Celso de Mello também autorizou que Sérgio Moro participe da oitiva do presidente, inclusive formulando perguntas.

Da redação, Estadão Conteúdo,
Marcelo Camargo/Agência Brasil
Presidente Jair Bolsonaro deverá prestar depoimento pessoalmente em inquérito sobre interferência na Polícia Federal.

O ministro Celso de Mello, do Supremo Tribunal Federal, determinou que o presidente Jair Bolsonaro preste depoimento pessoalmente, no inquérito que apura interferência na Polícia Federal, aberto após acusação do ex-ministro Sérgio Moro, da Justiça e Segurança Pública. O decano do Supremo não adotou o procedimento sugerido pelo procurador-geral da República, Augusto Aras, para quem o depoimento poderia ser tomado por escrito.

Celso de Mello destacou, em sua decisão, que a possibilidade de depoimento por escrito é uma prerrogativa de presidentes apenas nos casos em que são testemunhas, e não quando são investigados – o que é o caso. O inquérito foi aberto em abril após Sérgio Moro pedir demissão apontando interferência indevida na PF.

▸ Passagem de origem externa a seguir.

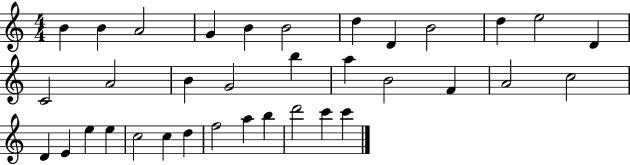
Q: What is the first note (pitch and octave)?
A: B4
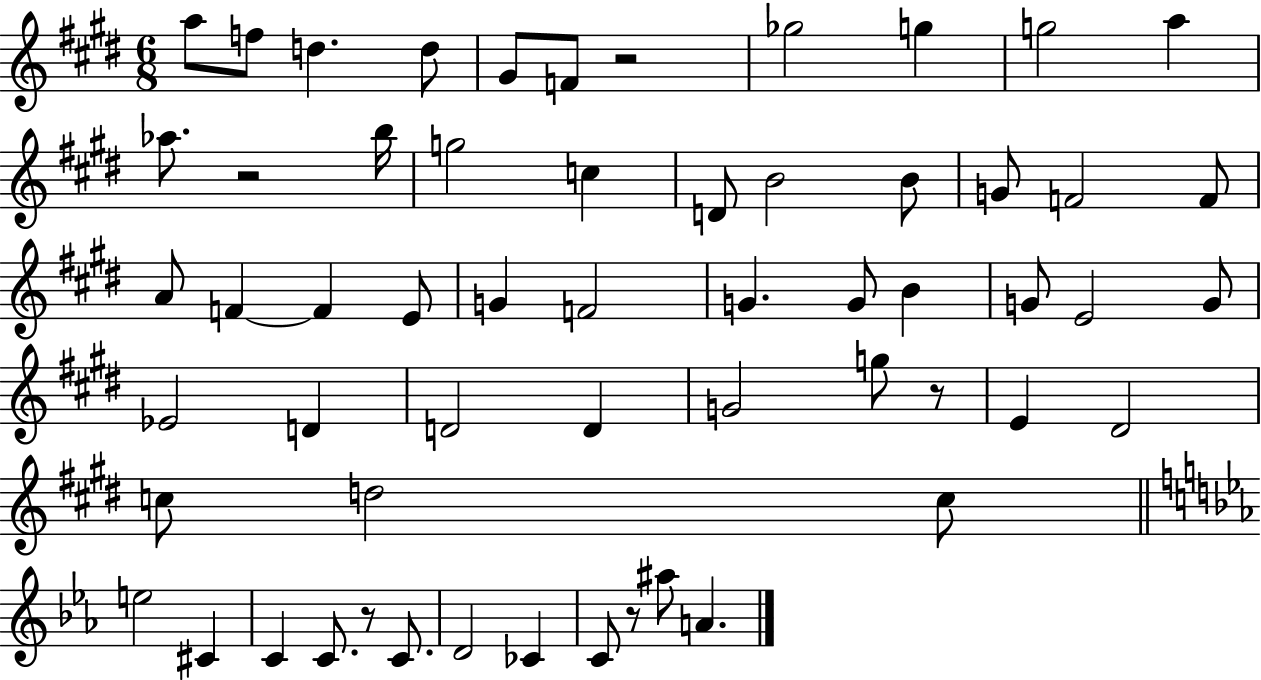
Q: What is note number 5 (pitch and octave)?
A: G#4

O ministro autorizou também que Moro participe da tomada de depoimento de Bolsonaro, inclusive formulando perguntas.

“A inquirição do Chefe de Estado, no caso ora em exame, deverá observar o procedimento normal, respeitando-se, desse modo, mediante comparecimento pessoal e em relação de direta imediatidade com a autoridade competente (a Polícia Federal, na espécie), o princípio da oralidade, assegurando-se ao Senhor Sérgio Fernando Moro, querendo, por intermédio de seus Advogados, o direito de participar do ato de interrogatório e de formular reperguntas ao seu coinvestigado”, escreveu Celso de Mello, na decisão, assinada em 18 de agosto.

A assessoria do STF informou que a inesperada internação hospitalar e posterior cirurgia do ministro Celso de Mello impediu que ele assinasse a decisão, embora já estivesse pronta.